Brussels: All change in Brussels with key roles up for grabs
The outcome of the European elections has disrupted established political alliances, but did not prompt a shift to the political extremes that many feared. Read our full analysis here. The European People’s Party (EPP), where Fine Gael sit, and the Socialists and Democrats (S&D) have been in coalition since 1979, but will now have to seek new partners after losing ground. The Greens and the liberal alliances ALDE (just renamed Renew Europe) will have more sway. Over the coming weeks, Ibec will be sitting down with our new MEPs to discuss the priorities of Irish business in details. Ensuring strong Irish voices on key Committee is vital. Our focus also turns to the next European Commission, where the process of choosing a new President in underway. We have set out our key priorities for the future of Europe, and will ensure that Irish business interests are strongly represented in the EU-wide debate.
Dublin: Focus on Budget 2020, but eye to General Election
At home, the focus is moving towards the autumn budget. The possibility of a snap general election has receded somewhat, although nothing is certain.
Early next month, Ibec will set out our priorities for Budget 2020. The macroeconomic backdrop remains benign - no other economy in Western Europe had greater momentum coming into 2019.
However, a ‘no deal’ Brexit would significantly re-frame the economic outlook, and involve a major sterling depreciation, cancelled investment, falling consumer confidence, rising prices and significant trade disruption.
At the same time, changes to international tax rules may demand a significant domestic policy response. We will set out our detailed plans on how government should respond next month.

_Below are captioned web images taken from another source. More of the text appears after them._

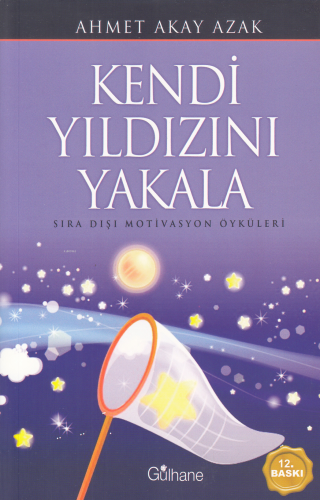 Kendi Yıldızını Yakala | benlikitap.com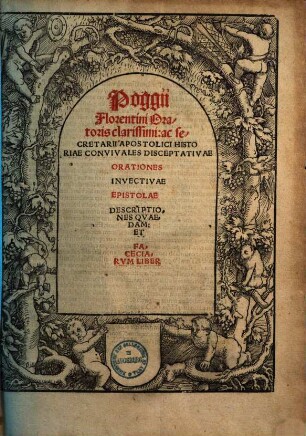 Poggii Florentini Oratoris clarissimi: ac secretarii Apostolici Historiae Convivales Disceptativae, Orationes, Invectivae, Epistolae, Descriptiones Qvaedam Et Faceciarvm Liber
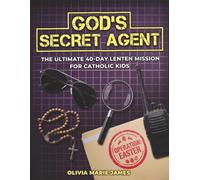 God's Secret Agent: The 40-day Lenten Mission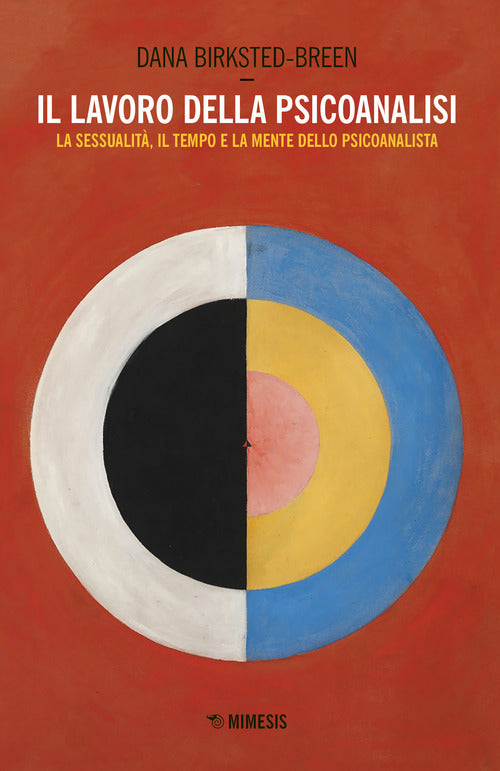 Il lavoro della psicoanalisi. La sessualit, il tempo e la mente dello psicoanalista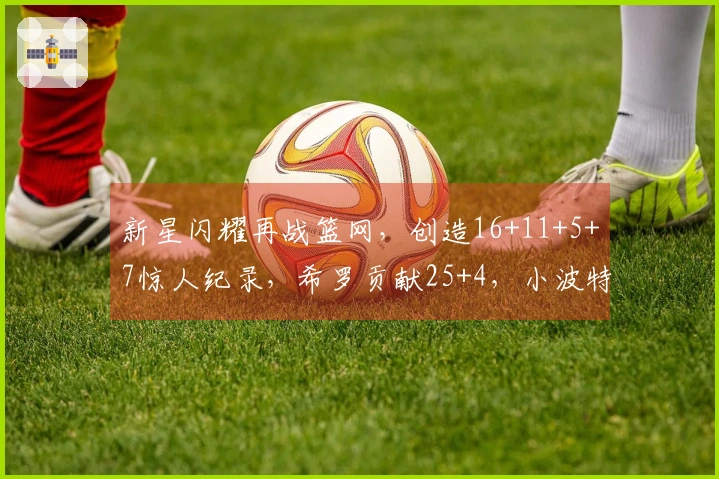 新星闪耀再战篮网，创造16+11+5+7惊人纪录，希罗贡献25+4，小波特斩获27+13
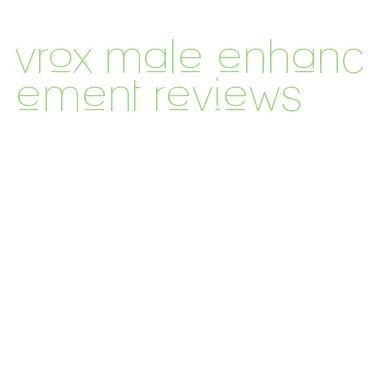 vrox male enhancement reviews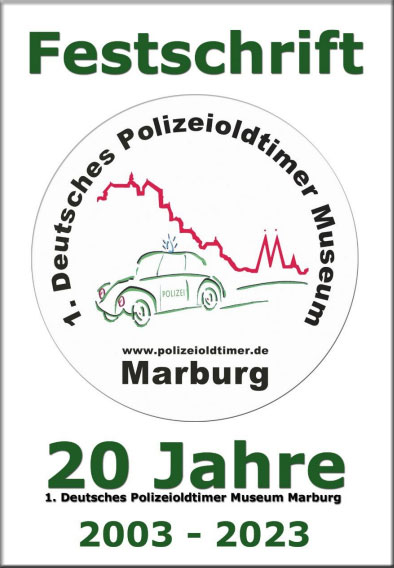 Eigens zum 20-jährigen Bestehen des 1. Deutschen Polizeioldtimer Museum Marburg wurde eine Festschrift erstellt (PDF)
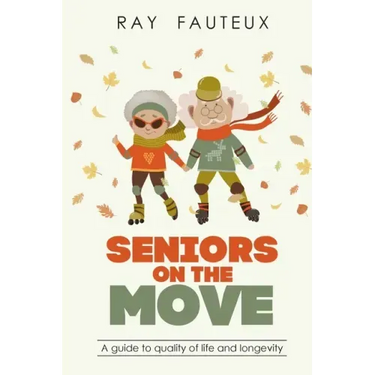 Seniors On The Move: A guide to quality of life and longevity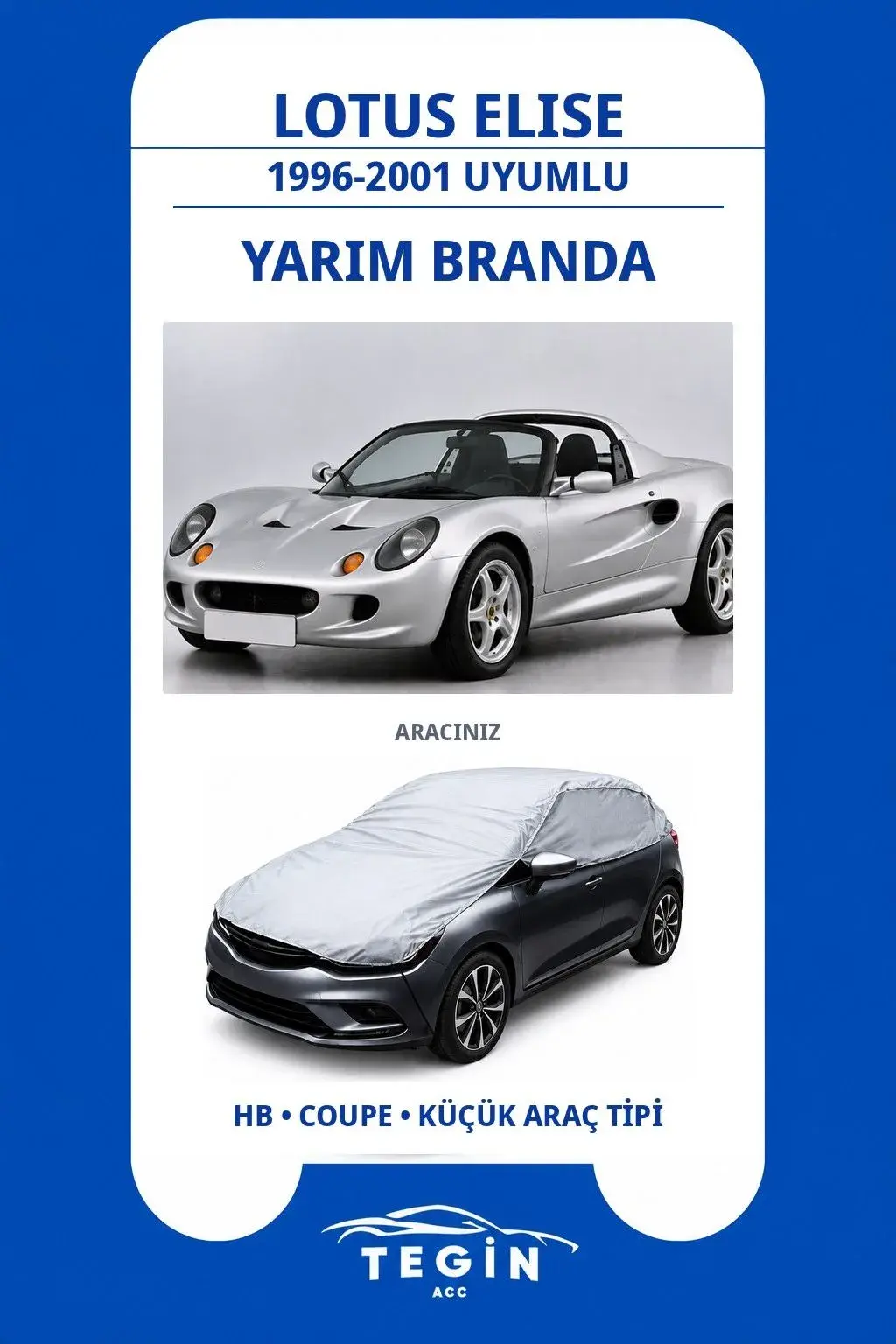 Lotus Elise 1996-2001 Roadster Uyumlu SolarBlock Yarım Araba Brandası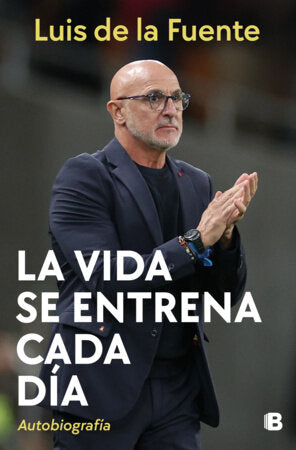 La vida se entrena cada día / Life Is a Daily Practice Paperback by Luis de la Fuente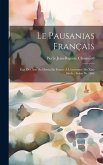 Le Pausanias Français: État Des Arts Du Dessin En France À L'ouverture Du Xixe Siècle: Salon De 1806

London: Tory rhetoric puts Brexit ‘no deal’ in spotlight
The failure of the UK government to ratify the Withdrawal Agreement, has left business with the complex task and enormous cost of managing the uncertainty of moving Brexit deadlines. Millions of euro has already been spent putting in place costly contingency plans. The Tory leadership contest is polarising opinions further, and is increasing the likelihood of a ‘no deal’ outcome. There is no sign of a break-through, and the imminent arrival of a ‘Brexiteer’ UK Prime Minister is unlikely to change that.
The objectives of Irish business have not changed: an orderly exit with a long transition, legal safeguards to protect the Good Friday Agreement and all-island economy, and close future EU-UK alignment. In the meantime, our work to support you as you put in place contingency plans continues - get in touch directly or visit our dedicated Brexit website for support.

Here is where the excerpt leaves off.